PROBLEM TO SOLVE: With the pictures left aside, write out exactly the lines of the listing below from the line with "CT scan is used" to the line with "With ultrasound-guided peripheral", both included, and only those.

GIVEN INFORMATION:
[Start of Attachment]

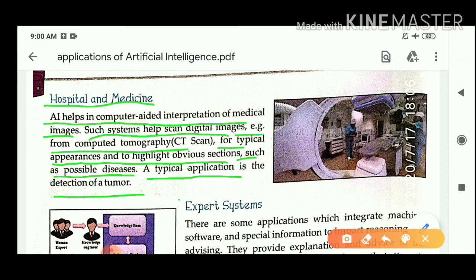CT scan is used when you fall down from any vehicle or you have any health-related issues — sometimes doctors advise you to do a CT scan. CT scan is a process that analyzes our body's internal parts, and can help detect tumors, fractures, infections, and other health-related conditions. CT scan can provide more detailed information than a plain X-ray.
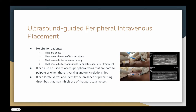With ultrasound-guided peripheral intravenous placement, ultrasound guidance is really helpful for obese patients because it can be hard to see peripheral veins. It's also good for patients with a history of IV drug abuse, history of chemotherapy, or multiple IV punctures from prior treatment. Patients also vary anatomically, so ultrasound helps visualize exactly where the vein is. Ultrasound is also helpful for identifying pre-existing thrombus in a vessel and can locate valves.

[End of Attachment]
[Start of Attachment]

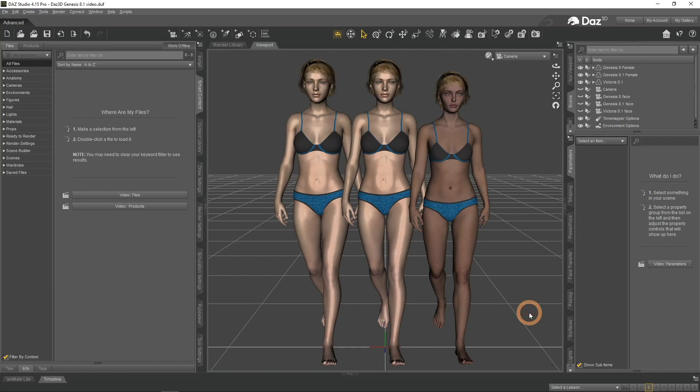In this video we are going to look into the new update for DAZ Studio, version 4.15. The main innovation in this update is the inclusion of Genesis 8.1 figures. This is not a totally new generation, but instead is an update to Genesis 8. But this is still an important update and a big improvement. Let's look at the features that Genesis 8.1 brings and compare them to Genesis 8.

[End of Attachment]

COMPLETED TASK:
CT scan is used when you fall down from any vehicle or you have any health-related issues — sometimes doctors advise you to do a CT scan. CT scan is a process that analyzes our body's internal parts, and can help detect tumors, fractures, infections, and other health-related conditions. CT scan can provide more detailed information than a plain X-ray.
With ultrasound-guided peripheral intravenous placement, ultrasound guidance is really helpful for obese patients because it can be hard to see peripheral veins. It's also good for patients with a history of IV drug abuse, history of chemotherapy, or multiple IV punctures from prior treatment. Patients also vary anatomically, so ultrasound helps visualize exactly where the vein is. Ultrasound is also helpful for identifying pre-existing thrombus in a vessel and can locate valves.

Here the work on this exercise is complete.